"There is no way to explain the hurt and guilt that I felt," said Vick, who was released from the United States Penitentiary in Leavenworth (Kansas) in May and finished supervised home confinement on July 20. "And that was the reason I cried so many nights. That put it all in perspective."
Brown asked, "You cried a number of nights? About?"
Vick replied, "About what I did. Being away from my family. Letting so many people down. Letting myself down. Not being out on the football field. Being in a prison bed, in a prison bunk, writing letters home . . . All because of the so-called culture I thought was right, I thought it was cool, I thought it was fun and exciting. It all led to me lying in a prison bunk by myself - with nobody to talk to but myself."

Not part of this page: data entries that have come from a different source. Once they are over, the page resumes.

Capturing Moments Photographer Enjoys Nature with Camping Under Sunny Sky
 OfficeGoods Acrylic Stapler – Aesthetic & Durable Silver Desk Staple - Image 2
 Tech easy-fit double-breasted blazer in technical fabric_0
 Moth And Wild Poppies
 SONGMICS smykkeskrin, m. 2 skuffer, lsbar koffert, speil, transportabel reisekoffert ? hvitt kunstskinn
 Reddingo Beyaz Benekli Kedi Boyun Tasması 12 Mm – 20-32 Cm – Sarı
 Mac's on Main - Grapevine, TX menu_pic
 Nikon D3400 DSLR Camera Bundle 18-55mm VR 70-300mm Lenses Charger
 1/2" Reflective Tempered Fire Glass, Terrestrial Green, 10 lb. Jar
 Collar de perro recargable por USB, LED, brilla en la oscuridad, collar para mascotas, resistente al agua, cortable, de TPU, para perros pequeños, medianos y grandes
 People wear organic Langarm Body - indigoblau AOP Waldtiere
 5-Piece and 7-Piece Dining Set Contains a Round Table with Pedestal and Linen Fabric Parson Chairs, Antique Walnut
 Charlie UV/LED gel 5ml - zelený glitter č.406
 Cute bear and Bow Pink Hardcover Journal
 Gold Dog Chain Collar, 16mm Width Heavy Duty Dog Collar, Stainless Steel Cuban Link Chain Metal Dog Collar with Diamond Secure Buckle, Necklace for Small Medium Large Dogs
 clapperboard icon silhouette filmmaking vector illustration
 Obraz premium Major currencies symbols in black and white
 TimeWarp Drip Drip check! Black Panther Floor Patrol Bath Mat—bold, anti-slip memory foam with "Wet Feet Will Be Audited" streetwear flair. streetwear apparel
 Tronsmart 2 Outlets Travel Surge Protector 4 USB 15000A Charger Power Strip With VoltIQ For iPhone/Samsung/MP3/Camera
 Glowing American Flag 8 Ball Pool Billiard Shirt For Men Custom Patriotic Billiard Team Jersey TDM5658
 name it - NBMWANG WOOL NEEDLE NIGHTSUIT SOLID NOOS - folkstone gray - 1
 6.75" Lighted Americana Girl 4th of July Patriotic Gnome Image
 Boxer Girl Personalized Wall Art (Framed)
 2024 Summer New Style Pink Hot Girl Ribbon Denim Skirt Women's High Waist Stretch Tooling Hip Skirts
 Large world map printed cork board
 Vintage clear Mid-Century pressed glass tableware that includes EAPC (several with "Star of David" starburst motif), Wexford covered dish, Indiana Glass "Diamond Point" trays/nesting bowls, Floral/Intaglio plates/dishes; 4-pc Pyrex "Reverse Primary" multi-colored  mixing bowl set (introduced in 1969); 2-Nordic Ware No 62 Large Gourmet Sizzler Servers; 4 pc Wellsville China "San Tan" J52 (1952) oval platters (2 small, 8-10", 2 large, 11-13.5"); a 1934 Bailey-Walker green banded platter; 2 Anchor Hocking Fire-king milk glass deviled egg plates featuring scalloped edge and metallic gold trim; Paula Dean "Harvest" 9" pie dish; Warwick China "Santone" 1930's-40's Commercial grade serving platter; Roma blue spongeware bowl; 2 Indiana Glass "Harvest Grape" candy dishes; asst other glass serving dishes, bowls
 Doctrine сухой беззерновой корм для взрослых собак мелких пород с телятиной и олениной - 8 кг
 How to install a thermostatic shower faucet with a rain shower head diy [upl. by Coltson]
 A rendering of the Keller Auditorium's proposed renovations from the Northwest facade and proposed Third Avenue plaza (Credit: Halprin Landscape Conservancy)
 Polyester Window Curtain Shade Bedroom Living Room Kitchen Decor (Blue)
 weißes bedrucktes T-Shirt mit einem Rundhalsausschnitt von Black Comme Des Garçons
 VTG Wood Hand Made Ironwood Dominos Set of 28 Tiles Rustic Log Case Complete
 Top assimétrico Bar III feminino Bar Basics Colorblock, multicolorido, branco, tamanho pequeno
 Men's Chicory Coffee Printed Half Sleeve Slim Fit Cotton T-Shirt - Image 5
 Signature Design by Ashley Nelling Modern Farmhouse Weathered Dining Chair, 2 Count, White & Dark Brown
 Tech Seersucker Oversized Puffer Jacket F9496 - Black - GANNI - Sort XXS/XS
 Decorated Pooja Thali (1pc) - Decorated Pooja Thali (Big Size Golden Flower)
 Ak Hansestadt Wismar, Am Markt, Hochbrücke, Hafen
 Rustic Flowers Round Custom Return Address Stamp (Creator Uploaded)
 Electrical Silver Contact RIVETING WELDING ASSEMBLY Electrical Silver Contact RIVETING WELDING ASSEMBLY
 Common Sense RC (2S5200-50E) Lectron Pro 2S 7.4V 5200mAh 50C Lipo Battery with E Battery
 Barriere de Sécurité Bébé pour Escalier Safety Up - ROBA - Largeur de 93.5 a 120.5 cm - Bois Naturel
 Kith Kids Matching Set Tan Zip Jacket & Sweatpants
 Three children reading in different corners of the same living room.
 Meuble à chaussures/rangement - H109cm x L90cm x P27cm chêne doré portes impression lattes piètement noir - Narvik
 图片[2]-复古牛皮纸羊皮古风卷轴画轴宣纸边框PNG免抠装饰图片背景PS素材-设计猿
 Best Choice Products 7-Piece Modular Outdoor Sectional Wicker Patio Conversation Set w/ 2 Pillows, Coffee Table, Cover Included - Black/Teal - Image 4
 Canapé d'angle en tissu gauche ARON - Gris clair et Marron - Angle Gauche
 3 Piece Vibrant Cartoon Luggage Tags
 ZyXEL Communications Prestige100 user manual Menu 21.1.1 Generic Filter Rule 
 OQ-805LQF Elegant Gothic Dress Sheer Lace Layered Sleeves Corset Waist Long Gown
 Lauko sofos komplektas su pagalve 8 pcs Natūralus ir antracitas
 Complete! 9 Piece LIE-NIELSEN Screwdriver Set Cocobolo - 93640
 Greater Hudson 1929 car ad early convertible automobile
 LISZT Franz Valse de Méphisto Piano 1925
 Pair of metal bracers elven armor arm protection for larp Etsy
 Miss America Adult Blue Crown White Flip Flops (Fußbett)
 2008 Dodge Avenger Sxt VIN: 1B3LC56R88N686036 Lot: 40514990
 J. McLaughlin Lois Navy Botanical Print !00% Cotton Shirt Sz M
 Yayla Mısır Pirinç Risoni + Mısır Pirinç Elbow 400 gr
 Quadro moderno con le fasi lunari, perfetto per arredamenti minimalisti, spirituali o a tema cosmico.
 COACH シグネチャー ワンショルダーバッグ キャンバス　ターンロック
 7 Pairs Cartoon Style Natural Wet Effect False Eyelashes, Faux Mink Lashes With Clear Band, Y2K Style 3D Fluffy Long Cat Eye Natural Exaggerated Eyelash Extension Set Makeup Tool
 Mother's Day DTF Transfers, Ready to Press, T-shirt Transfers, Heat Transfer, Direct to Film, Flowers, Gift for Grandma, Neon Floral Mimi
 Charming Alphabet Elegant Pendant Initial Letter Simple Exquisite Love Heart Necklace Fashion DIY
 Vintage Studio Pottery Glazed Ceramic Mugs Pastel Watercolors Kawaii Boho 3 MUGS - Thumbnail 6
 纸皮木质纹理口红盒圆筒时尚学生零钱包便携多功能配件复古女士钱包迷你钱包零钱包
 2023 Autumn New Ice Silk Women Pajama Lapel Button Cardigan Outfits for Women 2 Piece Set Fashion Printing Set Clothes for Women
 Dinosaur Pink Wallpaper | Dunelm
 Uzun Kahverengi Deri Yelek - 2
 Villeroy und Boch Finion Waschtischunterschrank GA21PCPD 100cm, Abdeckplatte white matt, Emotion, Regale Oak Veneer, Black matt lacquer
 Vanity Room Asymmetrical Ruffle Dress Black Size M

Brown asked Vick whom he blamed for what happened.
Vick said, "I blame me."
The "60 Minutes" piece recounted the downfall of Vick, who bankrolled and participated in an interstate dogfighting operation called Bad Newz Kennels on a farm he owned in rural Virginia. Police removed 66 injured dogs and exhumed the bodies of eight more. Vick pleaded guilty to being part of an operation that engaged in a litany of cruel acts upon animals that included beating, shooting, electrocuting and drowning them.
Brown said pointedly, "Horrific things, Michael."
Vick said, "It was wrong, man. I don't know how many times I got to say it. I mean, it was wrong. I feel tremendous hurt [by] what happened. I should have [taken] the initiation to stop it all. And I didn't. And I feel so bad about that now. I didn't step up. I wasn't a leader."
Brown asked if he agreed or disagreed that it showed "a lack of moral character" that he did not stop it.
Vick said, "I agree."
Brown asked Vick why he had been drawn to dogfighting, asking if he had been gripped by an "adrenalin rush" or "sense of competition."
"Regardless of what it was . . . it was wrong," said Vick, who was ordered by a judge to pay close to $1 million toward the rehabilitation and placement of the injured dogs.
Brown asked Vick if he understood why people are outraged by the deeds he committed.
"I understand why," said Vick. "And I will say it again. It sickens me to my stomach. The same feeling I am feeling right now is what people are feeling."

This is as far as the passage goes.